I saw the best minds of my generation merrily deconstructing the semiotics (and “cuisine”) of Taco Bell.
Mark Dery’s Salon article “Remembrance of Tacos Past,” an exploration of our national love affair with Crunchwraps and seven-layer burritos, will make your day. Particularly if you, like me, spent your pregnancy with a weird but unquenchable craving for Taco Bell bean burritos.
He had me at his first line.
I’m having a señor moment. Dinner tonight is the unthinkable: a Taco Bell Original Taco and Burrito Supreme, abominations that haven’t profaned this chowhound’s palate since I was a kid in Southern California.
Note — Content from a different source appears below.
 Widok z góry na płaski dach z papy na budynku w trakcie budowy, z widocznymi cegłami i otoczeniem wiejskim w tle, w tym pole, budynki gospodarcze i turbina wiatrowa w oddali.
Dery also looks at the cultural history of an institution that “made Mexican food safe for postwar white America” by serving prefabricated, dumbed-down versions of Mexican-esque foods in sanitized, overly well-lit dining rooms. And yet, for all its blandness (not to mention E. coli–infested scallions and cavorting rat videos), Taco Bell has made a place for itself at America’s fast-food table (not to mention in its collective unconscious).
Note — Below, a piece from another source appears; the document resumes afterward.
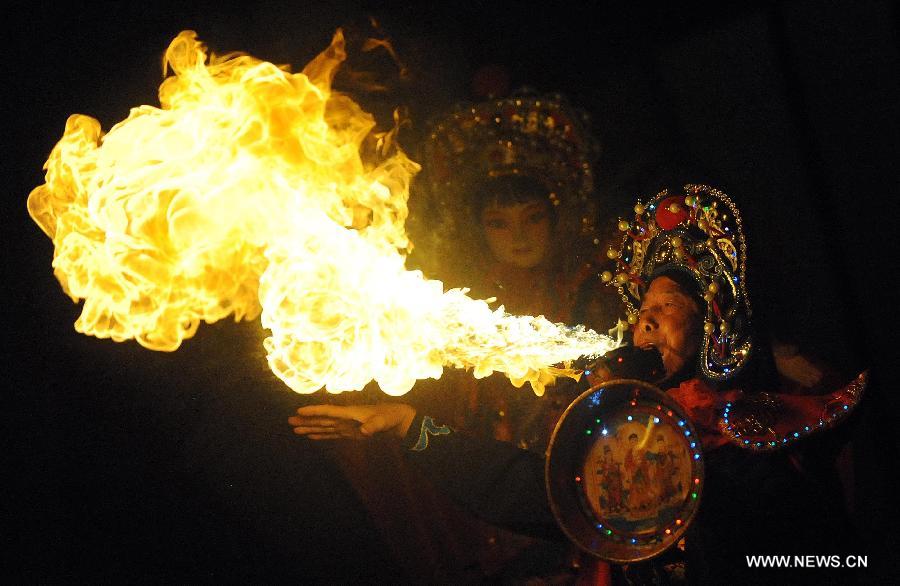 Sur cette photo d'archive, prise le 19 ao?t 2013 au Musée du Temple Wuhuo à Chengdu, capitale de la province du Sichuan, un cracheur de feu de l'opéra du Sichuan feu occupe la scène. (Xinhua/Xue Yubin)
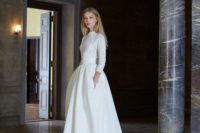 a white cable knit sweater with long sleeves over an A-line wedding gown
Dery, unlike other Taco Bell fans and friends, is ambivalent in his desire to “make a run for the border.” His quest to pin down and examine his Taco Bell memories reveals the nostalgia of childhood food favorites to be as crisply ephemeral and easily shattered as a fast-food taco shell.











Years ago a co-worker asked me, “Christine, your family is Mexican so how do you guys make enchiritos?” I laughed so hard in disbelief. He was shocked to find out that it was an American concoction, and that never in the history of the great foods prepared lovingly by my relatives had they included the enchirito at the family table. It still makes me laugh.